Hef has left the building. Playboy founder Hugh Hefner died Wednesday night at the age of 91. While Hefner was best known for his men’s magazine, with its nude centerfolds and … ahem … titillating bunny costumes that helped spearhead the sexual revolution of the 1960s, he was also a champion of liberalism (abortion rights, marijuana legalization), most noteworthy a donation to black comedian Dick Gregory in 1964 to help find murdered civil rights activists James Chaney, Andrew Goodman and Michael “Mickey” Schwerner. While Hefner will be lauded for that work, alongside helping make sexuality mainstream, he also has one glaring stain on his legacy. Since 2016, Hefner’s been involved with comedian Bill Cosby’s highly publicized sexual assault allegations, with two women accusing Cosby of raping them at the notorious Playboy Mansion, with Hefner allegedly being complicit in one of the assaults.

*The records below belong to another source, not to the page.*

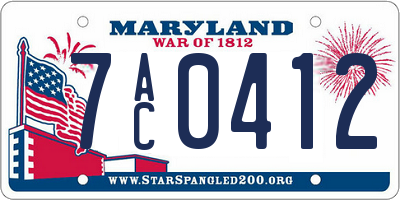 MD license plate 7AC0412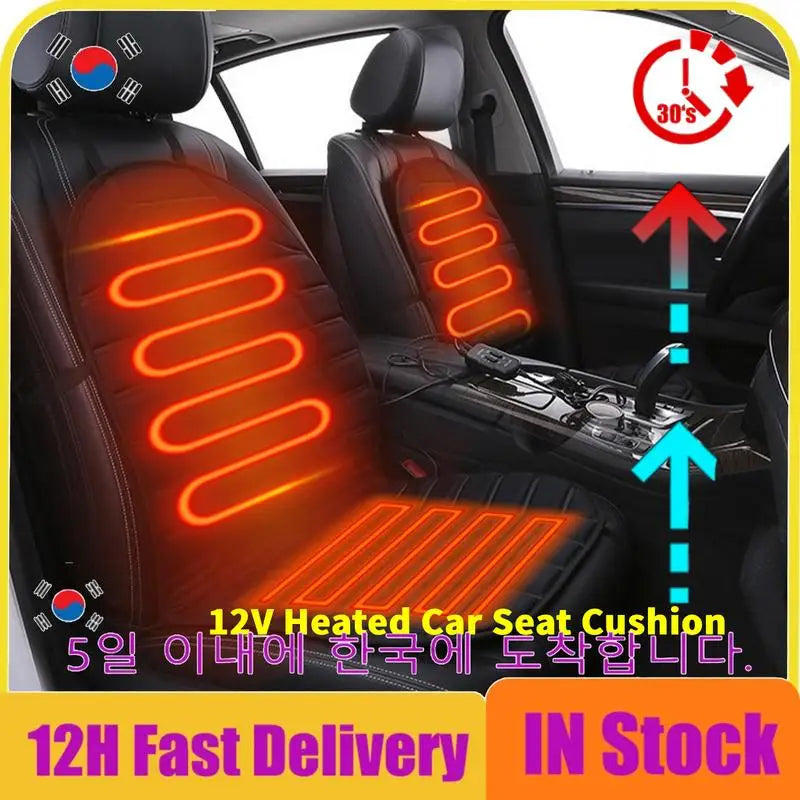 12V Universal Heated Car Seat Cushion Cloth Seat Cover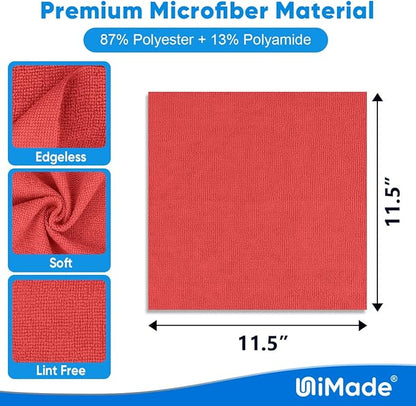 Shop Towels Rags, 50 Pack Reusable Shop Rags Bulk Microfiber Cleaning Cloth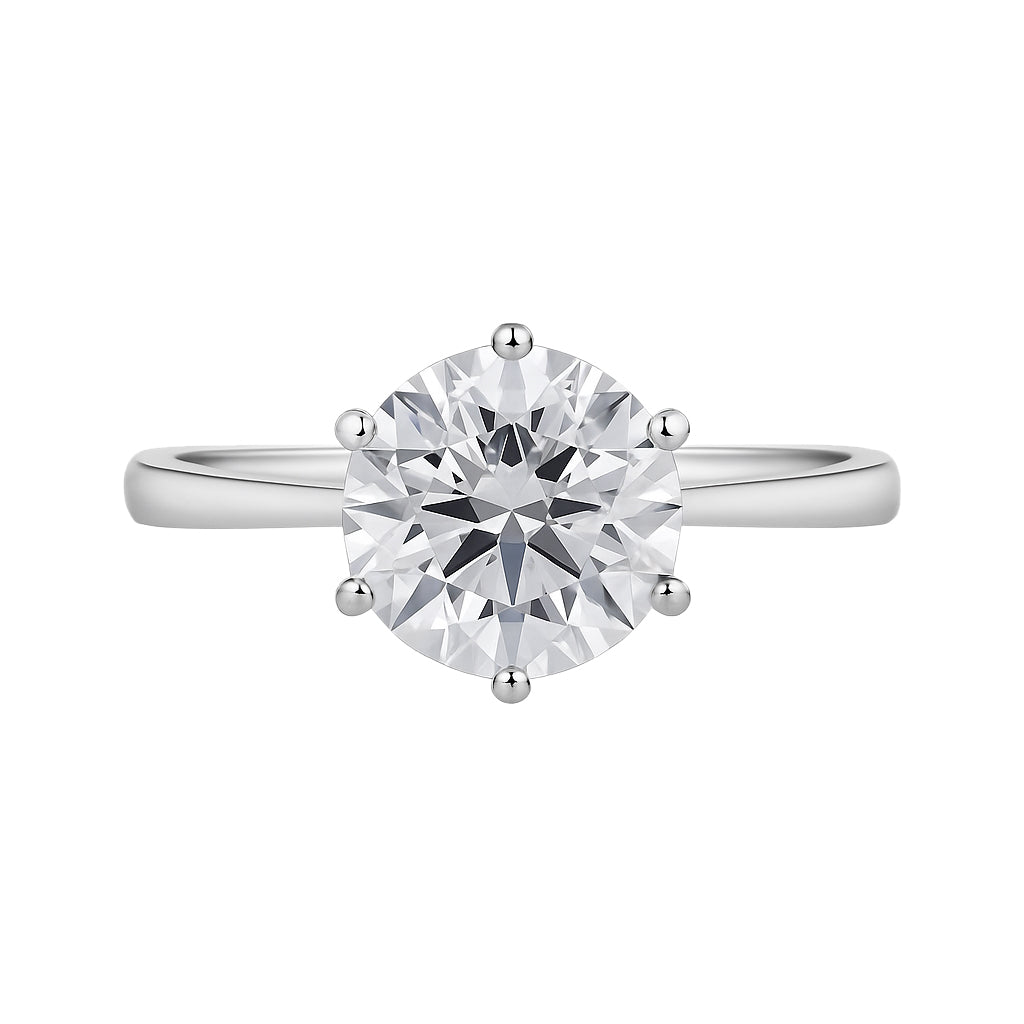 3.50 Ct Certified White Round Cut Moissanite Solitaire Ring 18K Gold Plated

Nike is in some stuff now, too. The large shoe brand company has been pulled into the ongoing federal investigation of corruption in college basketball. According to ESPN and ABC News, a division of the Nike basketball department has been served with a subpoena by the FBI and U.S. Attorney’s office for the Southern District of New York as federal prosecutors look into sports brand companies paying college athletic programs to steer high-profile high school basketball players to Adidas-brand schools. For a company that has been accused of running illegal sweatshops, violating child labor laws and outsourcing American jobs to poorer Asian countries, it’s doubtful that Nike did anything wrong.
Speaking of which, the jig is up for Rick Pitino. The Louisville men’s basketball coach has been identified in the federal prosecution of college programs as “Coach-2,” who according to court records, helped funnel $100,000 to the family of a recruit and spoke directly with an Adidas executive just days before said recruit committed to Louisville. Had this been Pitino’s first infraction, he’d be given the benefit of the doubt. But the 65-year-old coach was caught up in a federal extortion case in 2010 for having sex with a woman who was not his wife for, in his own words, 15 seconds, and caught up in a NCAA investigation in 2015 for overseeing a program that offered strippers and escorts to recruits. And for all that hard work, Louisville risks vacating its 2013 national championship and on Wednesday lost two ESPN top 50 commits and a top 5 recruit cut the Cardinals from his school list.
Ray-Ray tried to have it both ways. Retired former Baltimore Ravens linebacker Ray Lewis tried to have his cake and eat it too when he confusingly dropped on two knees rather than the customary one during the national anthem Sunday, joining 13 Baltimore players in what they called a protest of President Donald Trump’s recent comments on anthem demonstrations. He later told Showtime’s Inside the NFL that he “dropped on two knees — both knees — so I can simply honor God in the midst of chaos,” when he simply could have A) not been on the sideline for a team he doesn’t play for anymore, B) not try to make a show of “unity” about himself or C) simply not put one or two knees on the ground if he didn’t agree with players not standing for the national anthem. Playing both sides of the field has made more than 50,000 people call for the removal of Lewis’ 3-year-old statue outside M&T Bank Stadium in Baltimore.